** Opening SOURCE DATA block **

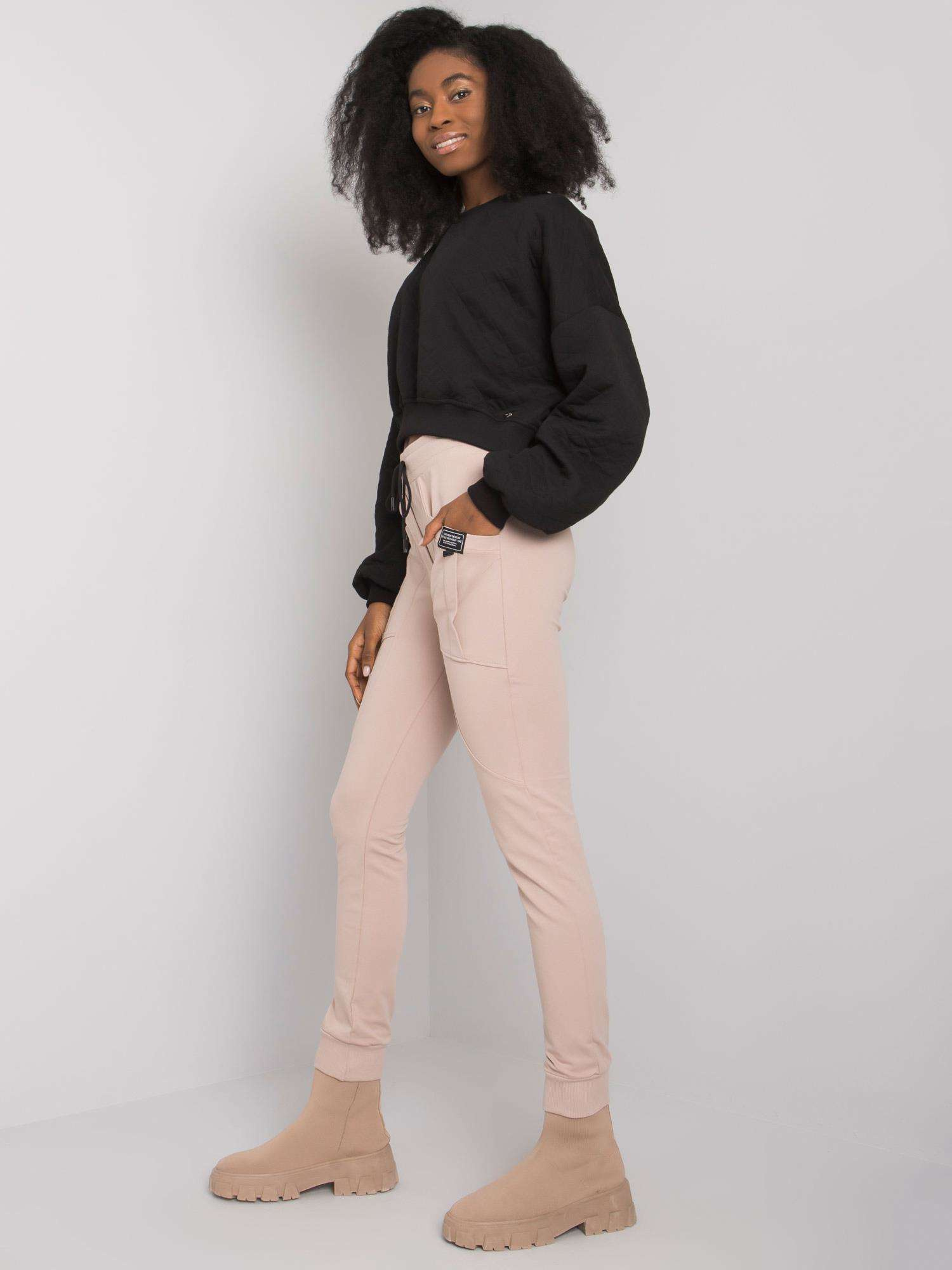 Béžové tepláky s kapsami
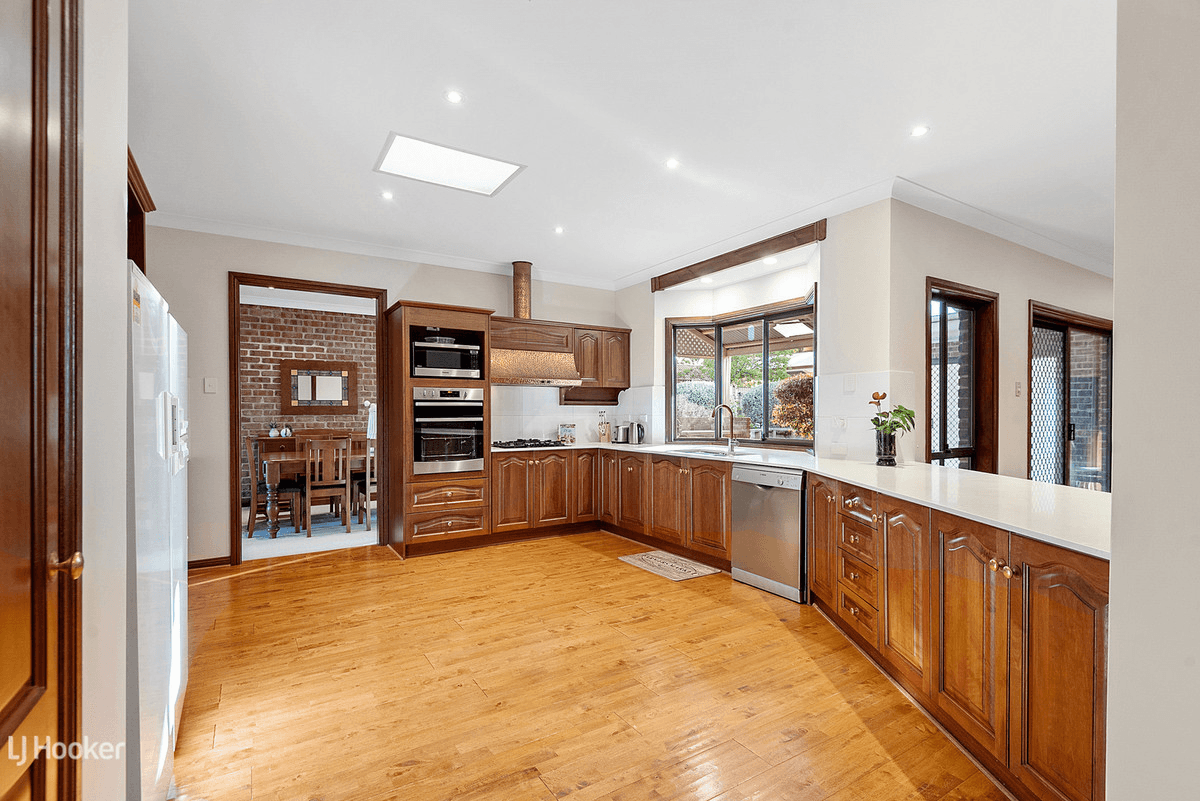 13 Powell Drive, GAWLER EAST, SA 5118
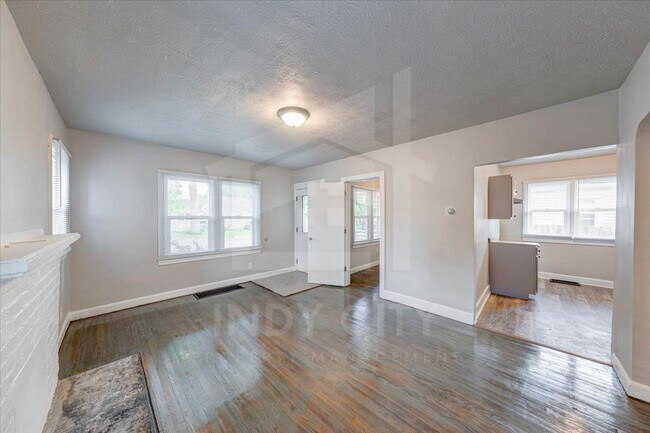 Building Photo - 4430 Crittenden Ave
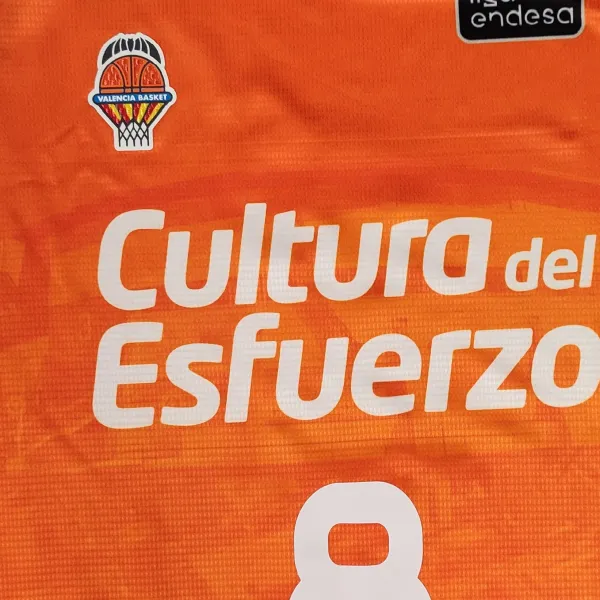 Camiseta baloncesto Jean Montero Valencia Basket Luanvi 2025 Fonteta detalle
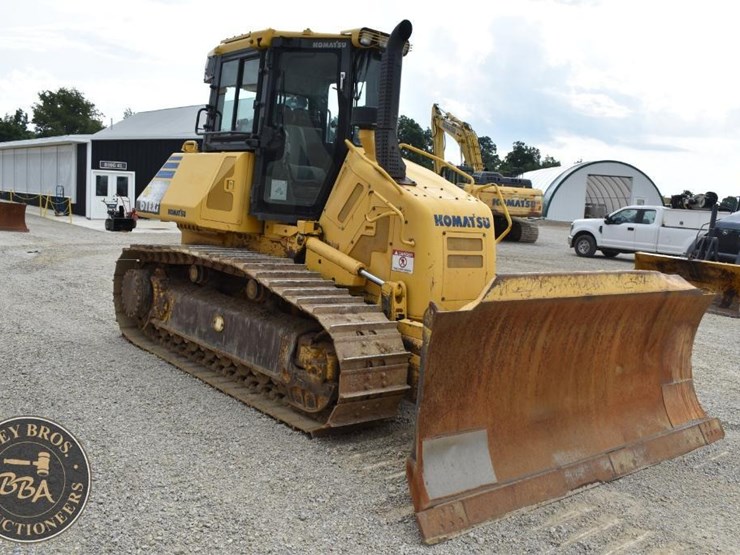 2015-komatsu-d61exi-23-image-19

** Closing SOURCE DATA block **
** Opening SOURCE DATA block **

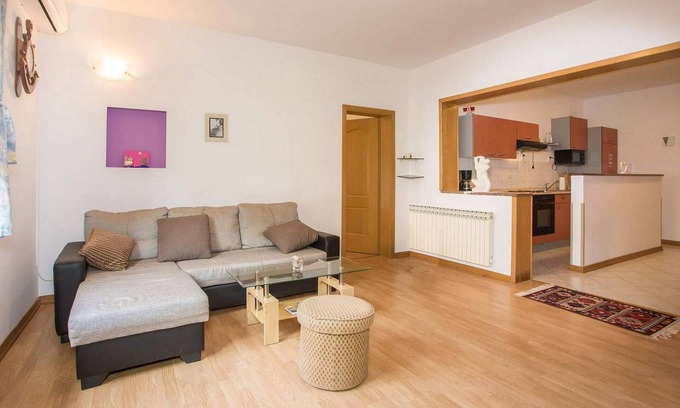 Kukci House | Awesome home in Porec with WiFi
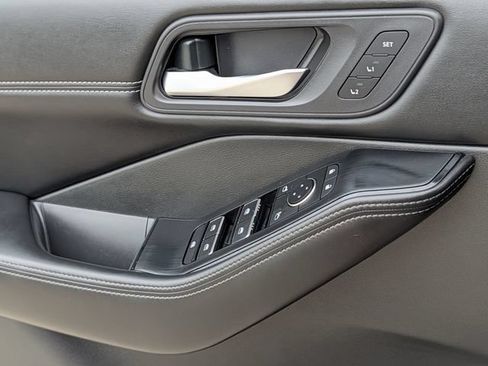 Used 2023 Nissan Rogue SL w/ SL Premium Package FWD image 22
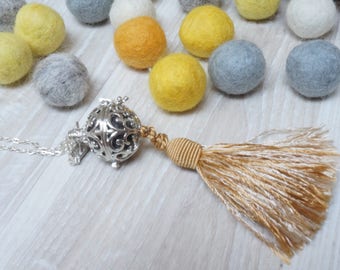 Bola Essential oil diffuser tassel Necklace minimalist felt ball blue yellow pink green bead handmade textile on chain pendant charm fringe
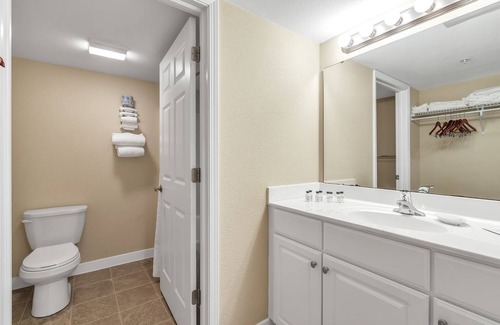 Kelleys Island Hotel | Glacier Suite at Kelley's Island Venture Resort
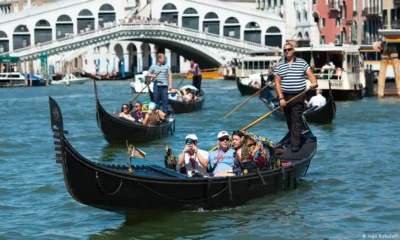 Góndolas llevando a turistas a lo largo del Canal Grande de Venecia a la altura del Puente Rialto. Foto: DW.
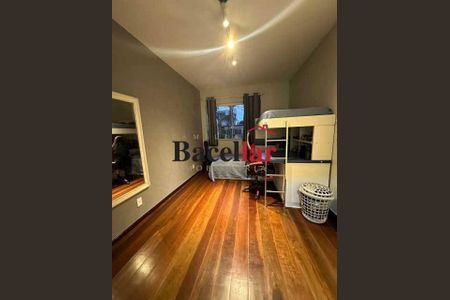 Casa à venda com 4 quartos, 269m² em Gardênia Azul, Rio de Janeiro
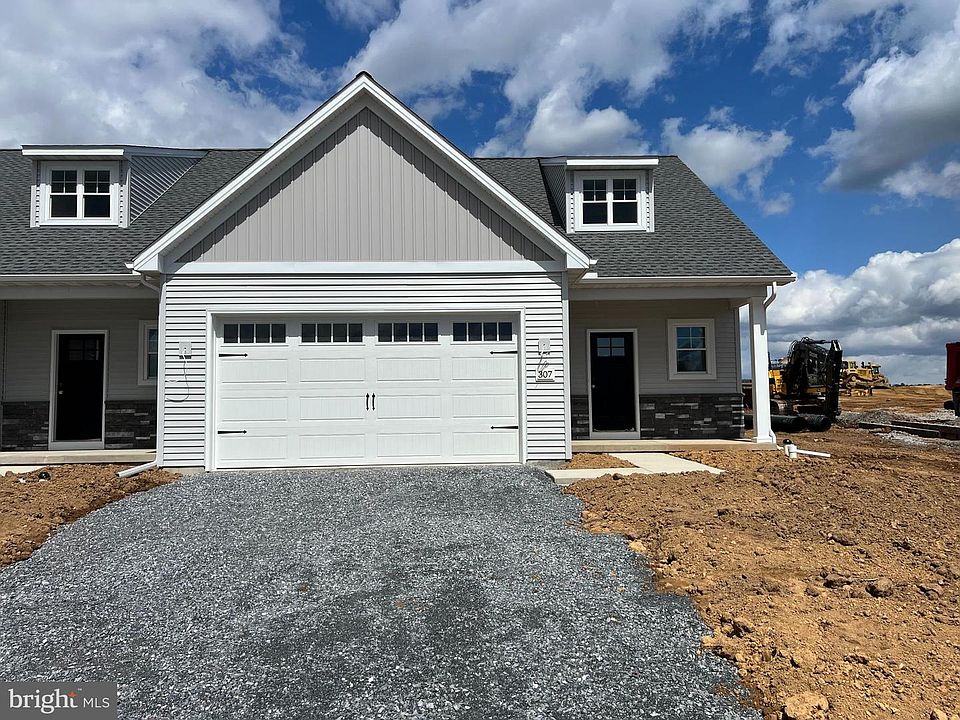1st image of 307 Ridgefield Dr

** Closing SOURCE DATA block **
** Opening SOURCE DATA block **

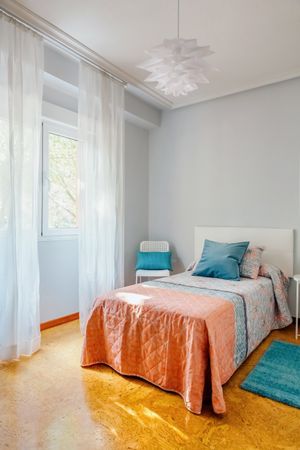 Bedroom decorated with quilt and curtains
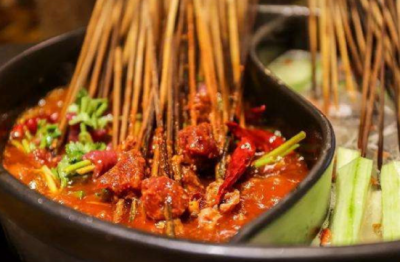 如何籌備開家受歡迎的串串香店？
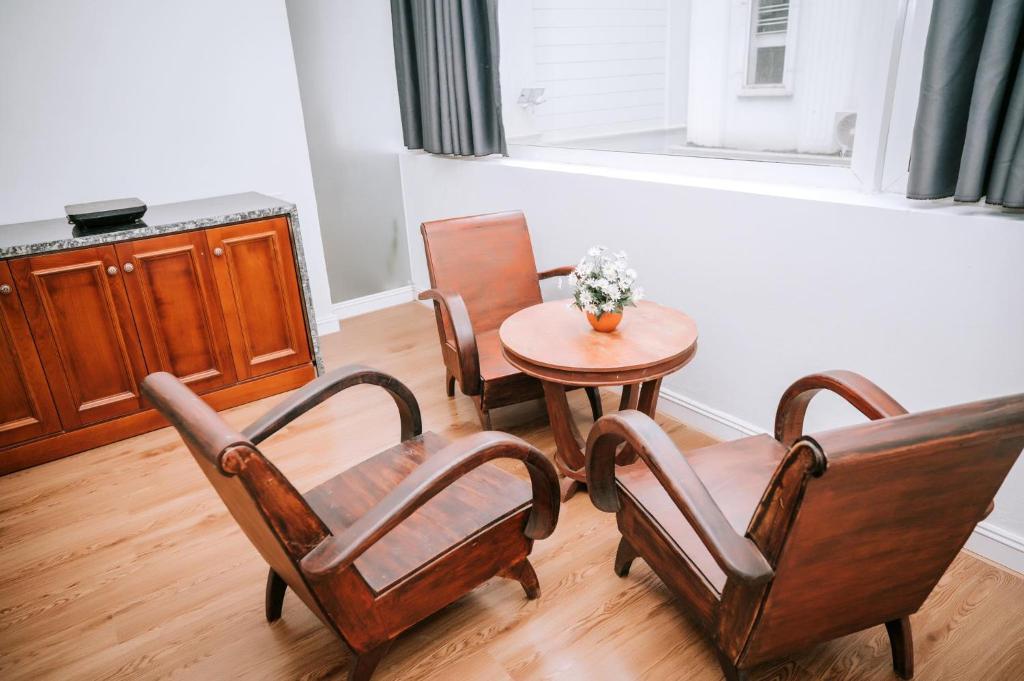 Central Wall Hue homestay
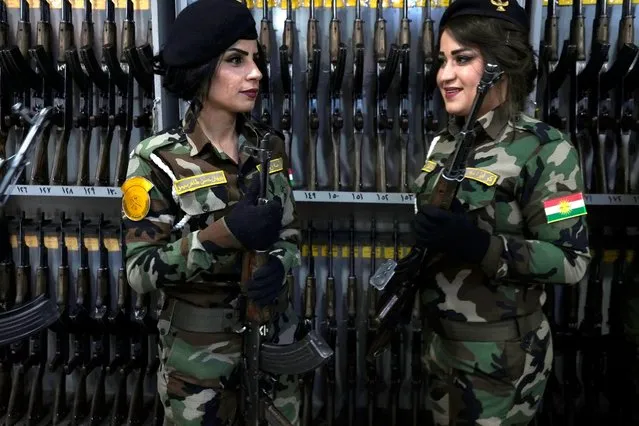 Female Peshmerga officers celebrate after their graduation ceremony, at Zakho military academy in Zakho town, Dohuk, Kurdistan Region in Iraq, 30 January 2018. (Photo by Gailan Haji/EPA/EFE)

** Closing SOURCE DATA block **

THE TASK ::
Write back the stretch of lines above that begins with the line holding "Góndolas llevando a" and ends with the line holding "1st image of 307 Ridgefield Dr", both included, exactly as written. Pictures stay out.

SOLVED EXERCISE ::
 Góndolas llevando a turistas a lo largo del Canal Grande de Venecia a la altura del Puente Rialto. Foto: DW.
 Casa à venda com 4 quartos, 269m² em Gardênia Azul, Rio de Janeiro
1st image of 307 Ridgefield Dr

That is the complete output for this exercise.